Visit our online server at https://cbbio.online/LigTMap/
The code is still in its early stage. You are welcome to feedback or contribute in making in silico target prediction a truly powerful method for novel drug discovery for everyone!
Software requirements:
Anaconda, RDKit, Openbabel, MOPAC2016, ODDT, PSOVina, MGLTools, and Python libraries.
Specifically, our method has been tested with these versions:
- python 2.7 (from anaconda)
- rdkit-2016.03.4
- numpy-1.11.3
- openbabel-3.0.0
- pychem-1.0
- pybel-0.12.2
- scikit-learn-0.19.2
- scipy-1.1.0
- pandas-0.23.4
- boost-1.59.0
INSTALLATION
This code was tested on MacOS X 11.2, CentOS 7.6 and 7.8. We will be glad to know if it works also on your platform!
1. MOPAC2016
MOPAC2016 can be downloaded from http://openmopac.net/MOPAC2016.html You need a license to use, please go to the homepage to obtain a license. The license key will be emailed to you.
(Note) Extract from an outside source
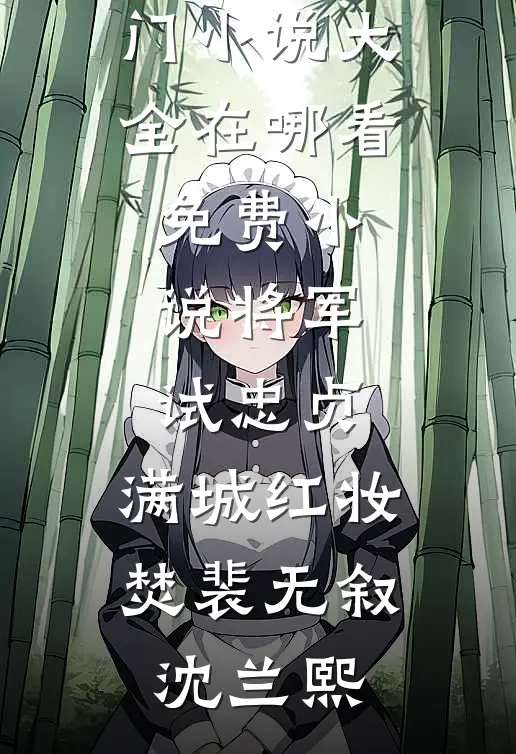 将军试忠贞，满城红妆焚裴无叙沈兰熙热门小说大全_在哪看免费小说将军试忠贞，满城红妆焚(裴无叙沈兰熙)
In essence, the installation steps are:
Create the directory:
% sudo mkdir -p /opt/mopac
% sudo chmod 777 /opt/mopac
Copy over the MOPAC executable and library that are obtained after unpacking the downloaded package:
% cp <source-path>/MOPAC2016.exe /opt/mopac
% cp <source-path>/libiomp5.so /opt/mopac
% chmod +x /opt/mopac/MOPAC2016.exe
Add the following lines to your .bashrc start-up script:
alias mopac='/opt/mopac/MOPAC2016.exe'
export LD_LIBRARY_PATH=/opt/mopac:$LD_LIBRARY_PATH
Source the start-up script, e.g.
% source ~/.bashrc
Install the license key that you have received in your email:
% /opt/mopac/MOPAC2016.exe <license-key>
Test the installation using the given example:
% mopac Example_data_set.mop
If the run is completed with output at Example_data_set.out, then your installation is successful!
2. Anaconda
Download and install the latest version of Anaconda from https://www.anaconda.com/download/.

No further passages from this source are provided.